Saya selanjutnya diantar
oleh The Han Tong ke sebuah rumah tua yang masyarakat sekitar
menyebutnya sebagai Rumah Gambiran. Disebut demikian karena rumah itu adalah bekas kediaman seorang saudagar gambir bernama Siek Oen Soei. Muasal usaha gambir Siek Oen Soei dapat ditelusuri dari moyangnya bernama Siek Hwie Soe, yang merantau dari Tiongkok ke Parakan pada tahun 1821. Di Parakan, ia bekerja membantu Loe Tjiat Djie dalam usaha buah gambir yang pada masa itu digunakan sebagai pewarna pakaian.
Majikannya kemudian mengangkat Siek Hwie Soe sebagai menantu dan Loe Tjiat Djie mewariskan bisnis gambirnya kepada Siek Hwie Soe. Lama di tanah rantau membuat Siek Hwie Soe rindu dengan kampung halaman sehingga ia mudik ke Tiongkok pada 1840an. Saat Siek Hwie Soe kembali lagi ke Parakan dan mengajak anggota keluarga yang lain untuk merantau bersamanya. Berkat kepiawaiannya, usaha gambir
ini berjalan mulus. Keluarga Siek lalu mendirikan sebuah firma bernama “Hoo Tong
Kiem Kie” dan sayap usahanya merentang hingga ke Semarang. Nama “Hoo Tong“ sendiri merujuk pada nama kampung asal leluhur keluarga Siek di negeri Tiongkok. Siek Hwie Soe meninggal pada 1882 dan firma tersebut dipecah menjadi dua, yakni "Hoo Tong Seng Kie" di Semarang yang dipegang oleh putra Siek Hwie Soe bernama Siek Tjin Lion dan "Hoo Tong Kiem Kie" di Parakan yang dipegang oleh Siek Tiauw Kie, keponakan Siek Hwie Soe. Siek Tiauw Kie memiliki beberapa istri dan dikaruniai tiga anak, Siek Kiem Tan, Siek Oen Soei,
dan Siek Kiem Ing. Sepeninggal Siek Tiauw Kie yang meninggal saat kepulangannya dari Tiongkok pada tahun 1890an, bisnis keluarga diteruskan oleh Siek Oen Soei semakin tumbuh besar dengan
terjunnya mereka ke perdagangan beras dan tembakau. Siek Oen Soei meninggal pada tahun 1948 dan Rumah Gambiran diwariskan kepada putranya, Siek Bien Bie. Mengingat kacaunya keamanan daerah pada awal kemerdekaan, maka keluarga Siek banyak yang pindah ke Batavia.
Ketika berjumpa pertama
kali dengan rumah itu segera saja dibuat terkesima dengan pesona
keindahan rumah itu. Hampir setiap sudutnya begitu memanjakan setiap mata yang memandangnya.
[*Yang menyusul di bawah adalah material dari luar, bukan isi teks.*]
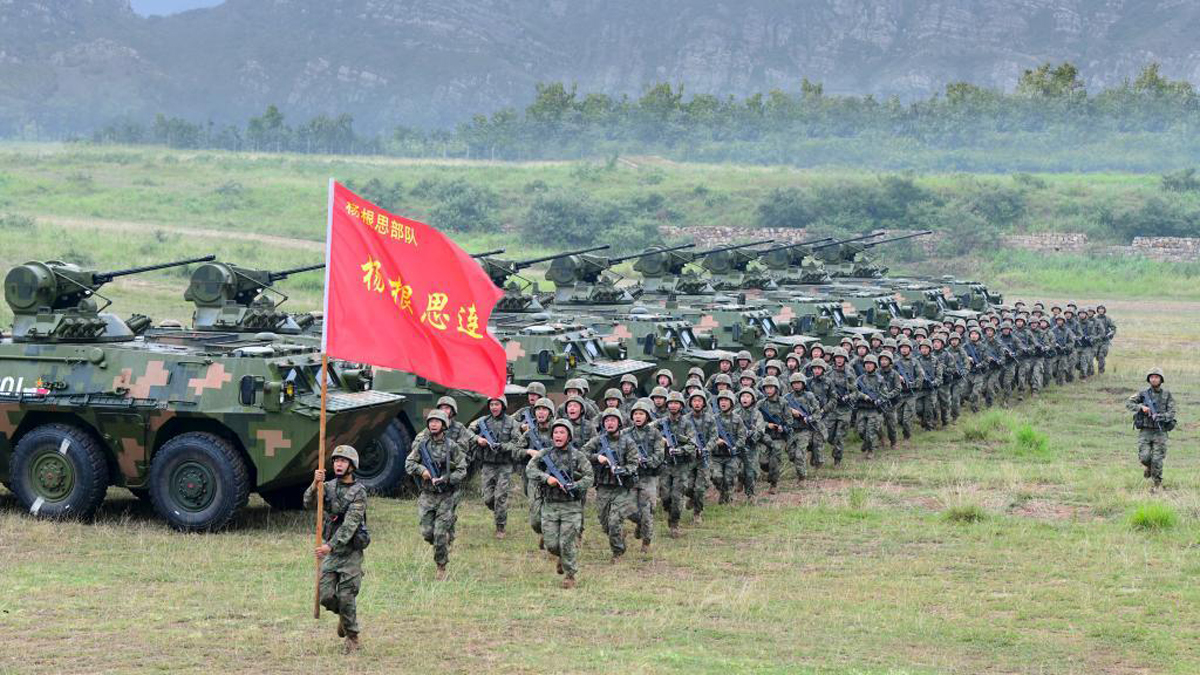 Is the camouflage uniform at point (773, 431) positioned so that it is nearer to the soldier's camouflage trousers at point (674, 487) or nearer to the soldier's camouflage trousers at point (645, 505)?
the soldier's camouflage trousers at point (674, 487)

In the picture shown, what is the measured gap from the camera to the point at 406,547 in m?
15.4

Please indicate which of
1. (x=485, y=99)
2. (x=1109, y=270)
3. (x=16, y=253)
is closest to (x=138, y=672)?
(x=16, y=253)

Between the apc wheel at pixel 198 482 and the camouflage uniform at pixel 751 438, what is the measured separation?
512cm

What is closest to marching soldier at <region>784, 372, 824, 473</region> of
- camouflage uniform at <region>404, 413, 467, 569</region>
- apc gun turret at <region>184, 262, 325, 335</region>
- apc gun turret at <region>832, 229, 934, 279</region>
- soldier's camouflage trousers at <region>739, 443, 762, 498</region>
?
soldier's camouflage trousers at <region>739, 443, 762, 498</region>

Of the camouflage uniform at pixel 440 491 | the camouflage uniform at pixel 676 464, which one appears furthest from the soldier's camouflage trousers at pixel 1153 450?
the camouflage uniform at pixel 440 491

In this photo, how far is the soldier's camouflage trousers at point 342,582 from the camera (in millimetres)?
11578

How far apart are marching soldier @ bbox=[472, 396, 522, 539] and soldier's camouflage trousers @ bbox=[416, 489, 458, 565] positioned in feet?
6.38

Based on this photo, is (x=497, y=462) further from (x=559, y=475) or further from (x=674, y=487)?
(x=559, y=475)

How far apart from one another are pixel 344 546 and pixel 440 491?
270cm

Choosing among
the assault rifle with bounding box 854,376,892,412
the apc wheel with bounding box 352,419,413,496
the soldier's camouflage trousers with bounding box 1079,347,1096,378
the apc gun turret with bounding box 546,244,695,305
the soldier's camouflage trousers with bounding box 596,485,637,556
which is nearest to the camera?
the soldier's camouflage trousers with bounding box 596,485,637,556

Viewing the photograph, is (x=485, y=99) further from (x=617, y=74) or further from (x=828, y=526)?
(x=828, y=526)

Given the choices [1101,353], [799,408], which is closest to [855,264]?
[1101,353]

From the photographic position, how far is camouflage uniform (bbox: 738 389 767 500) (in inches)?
702

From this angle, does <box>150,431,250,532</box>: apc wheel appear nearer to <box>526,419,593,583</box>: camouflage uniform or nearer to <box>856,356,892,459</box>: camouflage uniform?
<box>526,419,593,583</box>: camouflage uniform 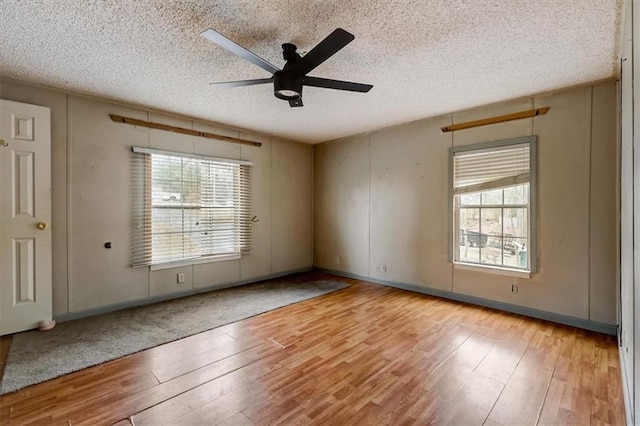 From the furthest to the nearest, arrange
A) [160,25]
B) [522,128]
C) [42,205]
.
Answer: [522,128]
[42,205]
[160,25]

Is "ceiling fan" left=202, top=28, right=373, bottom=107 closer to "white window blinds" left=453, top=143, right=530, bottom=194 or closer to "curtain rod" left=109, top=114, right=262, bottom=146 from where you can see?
"curtain rod" left=109, top=114, right=262, bottom=146

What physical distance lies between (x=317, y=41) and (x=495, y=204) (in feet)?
9.62

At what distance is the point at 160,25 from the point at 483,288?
4338mm

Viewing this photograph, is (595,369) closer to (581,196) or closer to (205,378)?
(581,196)

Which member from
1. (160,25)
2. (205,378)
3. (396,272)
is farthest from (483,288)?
(160,25)

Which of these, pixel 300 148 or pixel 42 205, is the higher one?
pixel 300 148

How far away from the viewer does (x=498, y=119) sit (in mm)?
3660

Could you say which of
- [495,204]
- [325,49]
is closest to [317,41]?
[325,49]

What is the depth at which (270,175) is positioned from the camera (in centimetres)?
528

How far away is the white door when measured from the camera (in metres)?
2.88

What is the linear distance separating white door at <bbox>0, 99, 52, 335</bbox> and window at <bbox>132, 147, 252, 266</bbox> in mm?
859

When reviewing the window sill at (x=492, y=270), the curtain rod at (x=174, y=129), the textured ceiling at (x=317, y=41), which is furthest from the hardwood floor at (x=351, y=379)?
the curtain rod at (x=174, y=129)

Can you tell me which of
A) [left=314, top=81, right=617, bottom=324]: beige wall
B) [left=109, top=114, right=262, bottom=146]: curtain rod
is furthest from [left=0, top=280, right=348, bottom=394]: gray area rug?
[left=109, top=114, right=262, bottom=146]: curtain rod

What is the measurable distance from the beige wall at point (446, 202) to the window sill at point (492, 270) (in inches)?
2.5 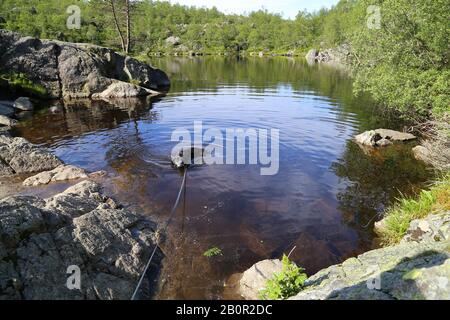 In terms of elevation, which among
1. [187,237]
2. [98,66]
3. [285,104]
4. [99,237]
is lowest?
[187,237]

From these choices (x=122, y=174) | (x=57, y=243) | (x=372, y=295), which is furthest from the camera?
(x=122, y=174)

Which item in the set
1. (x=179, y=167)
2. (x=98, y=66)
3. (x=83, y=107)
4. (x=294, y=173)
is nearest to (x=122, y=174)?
(x=179, y=167)

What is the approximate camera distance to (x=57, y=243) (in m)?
8.09

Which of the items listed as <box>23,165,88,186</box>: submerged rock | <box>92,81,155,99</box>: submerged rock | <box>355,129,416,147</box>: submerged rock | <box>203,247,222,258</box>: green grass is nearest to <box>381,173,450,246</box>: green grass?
<box>203,247,222,258</box>: green grass

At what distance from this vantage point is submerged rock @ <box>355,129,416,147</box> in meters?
21.2

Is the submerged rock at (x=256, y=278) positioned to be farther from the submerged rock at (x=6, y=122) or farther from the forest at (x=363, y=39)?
the submerged rock at (x=6, y=122)

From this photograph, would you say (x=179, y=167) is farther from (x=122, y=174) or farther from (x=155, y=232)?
(x=155, y=232)

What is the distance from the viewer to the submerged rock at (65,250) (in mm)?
7094

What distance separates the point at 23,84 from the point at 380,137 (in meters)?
35.5

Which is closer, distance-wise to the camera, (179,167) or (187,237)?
(187,237)

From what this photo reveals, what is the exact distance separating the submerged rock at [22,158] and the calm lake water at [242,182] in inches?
55.5

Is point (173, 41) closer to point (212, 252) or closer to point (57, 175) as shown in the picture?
point (57, 175)

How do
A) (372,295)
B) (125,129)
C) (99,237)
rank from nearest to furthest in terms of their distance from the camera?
(372,295), (99,237), (125,129)

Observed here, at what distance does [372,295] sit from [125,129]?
71.0 feet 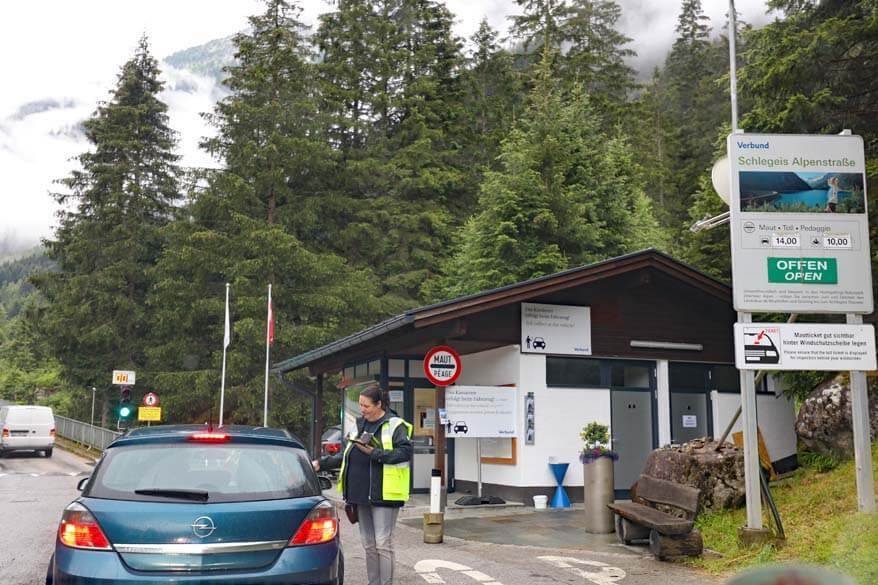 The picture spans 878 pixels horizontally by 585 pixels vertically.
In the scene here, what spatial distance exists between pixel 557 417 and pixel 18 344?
7623cm

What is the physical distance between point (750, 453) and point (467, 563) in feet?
12.2

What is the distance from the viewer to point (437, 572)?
9141mm

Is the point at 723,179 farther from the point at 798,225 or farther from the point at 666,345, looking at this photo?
the point at 666,345

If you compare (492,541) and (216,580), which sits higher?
(216,580)

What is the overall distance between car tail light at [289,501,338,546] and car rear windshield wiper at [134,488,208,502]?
0.62 meters

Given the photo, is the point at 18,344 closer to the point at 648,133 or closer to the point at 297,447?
the point at 648,133

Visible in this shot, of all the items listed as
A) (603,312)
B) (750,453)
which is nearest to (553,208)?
(603,312)

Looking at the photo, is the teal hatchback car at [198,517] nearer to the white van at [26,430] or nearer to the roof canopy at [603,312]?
the roof canopy at [603,312]

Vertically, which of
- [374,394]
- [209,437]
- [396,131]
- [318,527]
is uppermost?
[396,131]

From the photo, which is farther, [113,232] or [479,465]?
[113,232]

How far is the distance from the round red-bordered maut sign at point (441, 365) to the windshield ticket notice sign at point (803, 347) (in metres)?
5.99

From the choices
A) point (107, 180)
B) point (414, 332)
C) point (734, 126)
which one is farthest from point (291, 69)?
point (734, 126)

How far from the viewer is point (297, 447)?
5.95m

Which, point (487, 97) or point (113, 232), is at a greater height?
point (487, 97) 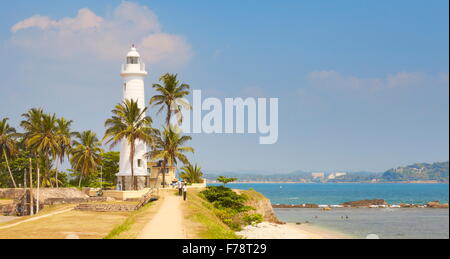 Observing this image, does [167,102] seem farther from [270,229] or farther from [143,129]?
[270,229]

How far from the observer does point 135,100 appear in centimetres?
5231

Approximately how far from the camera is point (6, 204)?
53.3m

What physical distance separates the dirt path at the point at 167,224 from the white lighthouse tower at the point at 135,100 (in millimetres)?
16569

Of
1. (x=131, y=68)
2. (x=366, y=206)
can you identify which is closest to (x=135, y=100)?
(x=131, y=68)

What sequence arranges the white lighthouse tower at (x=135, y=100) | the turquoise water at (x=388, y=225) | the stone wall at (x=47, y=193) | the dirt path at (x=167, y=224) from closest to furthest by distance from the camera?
1. the dirt path at (x=167, y=224)
2. the white lighthouse tower at (x=135, y=100)
3. the stone wall at (x=47, y=193)
4. the turquoise water at (x=388, y=225)

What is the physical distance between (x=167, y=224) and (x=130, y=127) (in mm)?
25293

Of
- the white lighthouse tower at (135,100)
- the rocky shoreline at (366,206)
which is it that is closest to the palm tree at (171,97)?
the white lighthouse tower at (135,100)

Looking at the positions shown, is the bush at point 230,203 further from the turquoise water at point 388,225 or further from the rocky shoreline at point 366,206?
the rocky shoreline at point 366,206

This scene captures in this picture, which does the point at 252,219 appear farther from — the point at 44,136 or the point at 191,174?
the point at 44,136

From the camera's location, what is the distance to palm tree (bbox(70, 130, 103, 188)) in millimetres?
65688

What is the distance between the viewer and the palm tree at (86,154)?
65.7 metres

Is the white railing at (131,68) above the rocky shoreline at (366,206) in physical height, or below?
above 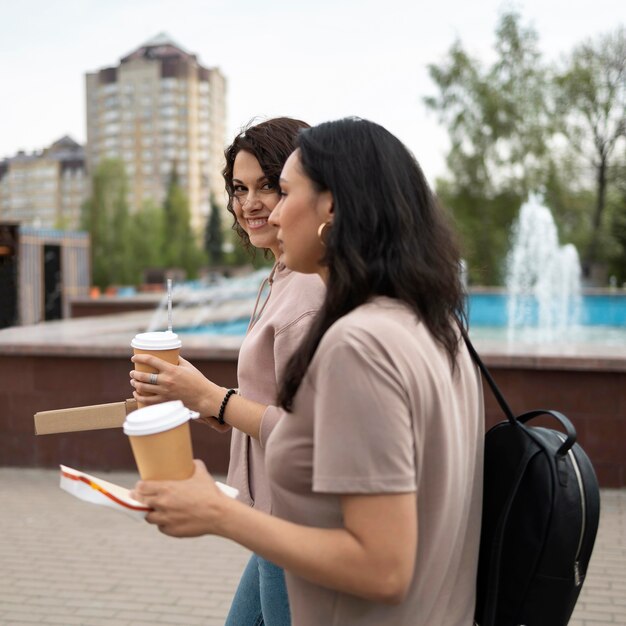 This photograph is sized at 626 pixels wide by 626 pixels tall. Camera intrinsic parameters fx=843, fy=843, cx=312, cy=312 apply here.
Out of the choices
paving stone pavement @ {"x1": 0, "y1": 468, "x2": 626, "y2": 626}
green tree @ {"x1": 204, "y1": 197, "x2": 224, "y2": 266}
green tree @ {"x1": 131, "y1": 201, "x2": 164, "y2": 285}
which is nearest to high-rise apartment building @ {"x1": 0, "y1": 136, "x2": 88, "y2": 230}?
green tree @ {"x1": 204, "y1": 197, "x2": 224, "y2": 266}

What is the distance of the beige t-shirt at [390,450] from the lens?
3.74 ft

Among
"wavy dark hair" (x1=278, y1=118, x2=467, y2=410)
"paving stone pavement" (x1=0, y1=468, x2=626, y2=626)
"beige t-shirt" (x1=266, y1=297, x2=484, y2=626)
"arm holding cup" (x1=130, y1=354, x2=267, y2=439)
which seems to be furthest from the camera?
"paving stone pavement" (x1=0, y1=468, x2=626, y2=626)

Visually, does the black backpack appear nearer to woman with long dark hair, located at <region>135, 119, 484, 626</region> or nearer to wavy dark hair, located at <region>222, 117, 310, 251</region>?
woman with long dark hair, located at <region>135, 119, 484, 626</region>

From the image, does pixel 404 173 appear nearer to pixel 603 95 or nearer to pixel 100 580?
pixel 100 580

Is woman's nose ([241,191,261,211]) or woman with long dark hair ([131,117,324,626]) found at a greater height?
woman's nose ([241,191,261,211])

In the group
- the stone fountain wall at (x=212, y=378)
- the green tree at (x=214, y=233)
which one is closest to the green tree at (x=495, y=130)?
the stone fountain wall at (x=212, y=378)

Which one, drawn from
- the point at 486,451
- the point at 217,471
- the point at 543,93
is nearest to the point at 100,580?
the point at 217,471

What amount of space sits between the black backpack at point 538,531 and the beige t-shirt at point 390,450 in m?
0.05

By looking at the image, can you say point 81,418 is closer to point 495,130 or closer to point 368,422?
point 368,422

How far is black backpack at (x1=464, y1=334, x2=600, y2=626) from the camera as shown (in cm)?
134

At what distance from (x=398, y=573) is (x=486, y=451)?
39cm

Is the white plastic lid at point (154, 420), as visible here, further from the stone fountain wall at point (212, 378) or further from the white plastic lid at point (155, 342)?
the stone fountain wall at point (212, 378)

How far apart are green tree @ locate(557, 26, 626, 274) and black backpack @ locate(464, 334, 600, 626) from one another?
111 feet

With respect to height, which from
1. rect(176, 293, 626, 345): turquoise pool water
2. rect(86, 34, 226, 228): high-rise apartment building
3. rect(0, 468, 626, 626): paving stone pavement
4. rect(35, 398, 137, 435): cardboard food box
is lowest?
rect(0, 468, 626, 626): paving stone pavement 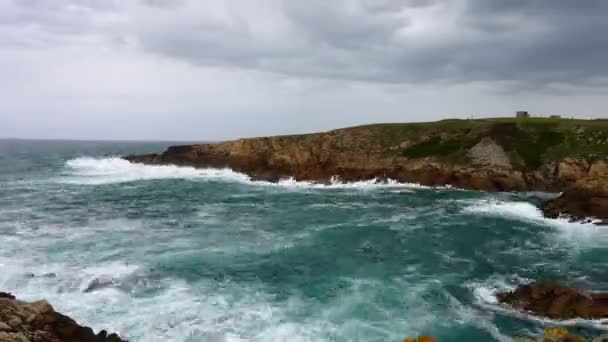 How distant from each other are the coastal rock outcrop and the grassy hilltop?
177 feet

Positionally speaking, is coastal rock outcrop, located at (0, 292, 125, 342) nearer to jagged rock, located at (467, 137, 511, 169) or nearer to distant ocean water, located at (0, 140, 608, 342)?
distant ocean water, located at (0, 140, 608, 342)

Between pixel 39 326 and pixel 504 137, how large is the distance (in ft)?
203

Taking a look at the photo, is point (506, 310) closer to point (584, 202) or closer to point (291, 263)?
point (291, 263)

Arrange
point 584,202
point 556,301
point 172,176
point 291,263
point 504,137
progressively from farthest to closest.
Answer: point 172,176 < point 504,137 < point 584,202 < point 291,263 < point 556,301

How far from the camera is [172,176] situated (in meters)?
71.6

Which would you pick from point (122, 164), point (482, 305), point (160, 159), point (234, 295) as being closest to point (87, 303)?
point (234, 295)

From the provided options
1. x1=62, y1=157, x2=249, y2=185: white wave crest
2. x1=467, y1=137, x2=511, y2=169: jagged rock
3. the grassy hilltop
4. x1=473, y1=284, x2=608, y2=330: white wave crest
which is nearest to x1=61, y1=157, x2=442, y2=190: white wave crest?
x1=62, y1=157, x2=249, y2=185: white wave crest

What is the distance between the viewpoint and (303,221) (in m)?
37.2

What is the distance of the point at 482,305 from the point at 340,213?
21.8 metres

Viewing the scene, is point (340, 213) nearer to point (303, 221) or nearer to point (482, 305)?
point (303, 221)

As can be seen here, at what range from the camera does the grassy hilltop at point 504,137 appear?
57.2 metres

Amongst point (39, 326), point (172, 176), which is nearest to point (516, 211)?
point (39, 326)

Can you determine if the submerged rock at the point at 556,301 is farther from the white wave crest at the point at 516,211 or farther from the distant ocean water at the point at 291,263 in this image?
the white wave crest at the point at 516,211

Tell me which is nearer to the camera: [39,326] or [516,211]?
[39,326] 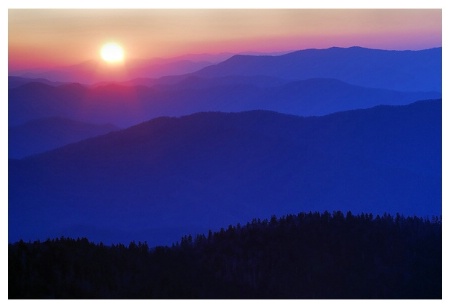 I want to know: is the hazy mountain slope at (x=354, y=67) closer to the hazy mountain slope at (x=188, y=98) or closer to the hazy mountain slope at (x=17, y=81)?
the hazy mountain slope at (x=188, y=98)

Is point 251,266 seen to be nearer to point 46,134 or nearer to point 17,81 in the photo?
point 46,134

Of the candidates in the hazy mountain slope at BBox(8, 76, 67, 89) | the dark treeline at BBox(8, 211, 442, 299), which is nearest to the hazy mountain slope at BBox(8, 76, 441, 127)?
the hazy mountain slope at BBox(8, 76, 67, 89)

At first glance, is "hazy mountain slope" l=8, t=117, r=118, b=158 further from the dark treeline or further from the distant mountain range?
the dark treeline

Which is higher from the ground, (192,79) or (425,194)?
(192,79)

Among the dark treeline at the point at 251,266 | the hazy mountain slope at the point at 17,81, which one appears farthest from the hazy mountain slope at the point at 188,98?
the dark treeline at the point at 251,266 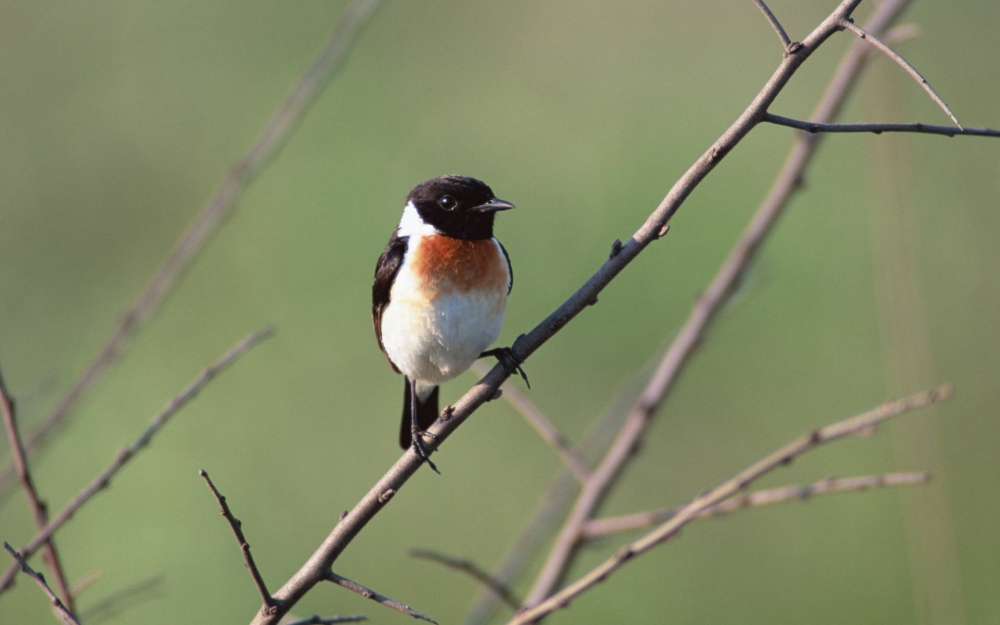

Beranjak naik ke teras depan, sukma rumah itu masih
terlihat hidup sekalipun ia tak dihuni lagi. Di beranda depan, terdapat sebuah
kursi santai, tempat dimana sang saudagar melepas lelah sambil menyesap
tembakau. Melangkah masuk ke dalam rumah, saya menjumpai sebuah partisi kayu yang tepat
menghadap ke arah pintu utama. Partisi itu berfungsi sebagai pembatas antara
ruang depan yang bersifat publik dengan ruang belakang yang berifat privat. Di
depan partisi itu, pastilah dulunya ada sebuah altar leluhur. Sayapun
membayangkan ada sedikit nuansa spiritual ketika di atas meja leluhur itu
mengepul asap hio low yang aroma
khasnya menyebar ke seisi ruangan. Kini, foto-foto atau pai dari keluarga yang telah tiada telah berganti dengan patung kecil dewa-dewi Buddha setelah pada tahun 2006, rumah itu dibeli oleh sebuah
yayasan Buddha. Rumah itu kemudian direstorasi dan menjadi sebuah wihara
tetirah (Knapp, 2010; 191-192). Di belakang partisi itu,
saya menjumpai kamar tidur anggota keluarga utama dengan perabot kunonya. Beranjak ke belakang,
terdapat sebuah beranda yang menghadap ke sebuah ruang terbuka. Terlihat sebuah
meja batu yang dulu dipakai sebagai tempat bermain mahjong. Di samping kanan
dan kiri bangunan utama, terdapat bangunan yang akan menginap pendamping yang dahulu ditempati oleh anggota keluarga yang sudah menikah namun belum memiliki tempat
tinggal sendiri sehingga dapat dibayangkan betapa ramainya rumah ini di masa lalu. Selain untuk anggota keluarga, kamar-kamar di samping ini kadangkala diperuntukkan untuk tamu karena pada masa itu penginapan atau hotel masih belum dikenal di Parakan. Dalam pandangan Tionghoa, perbuatan memberi tumpangan untuk menginap merupakan perbuatan mulia.
Menariknya, di belakang
rumah ini, saya menemukan sebuah bangunan yang tampilannya sama sekali berbeda
dengan rumah yang tadi saya masuki. Apabila rumah sebelumnya bercorak Tiongkok, maka bagian ini justru lebih bercorak Indis.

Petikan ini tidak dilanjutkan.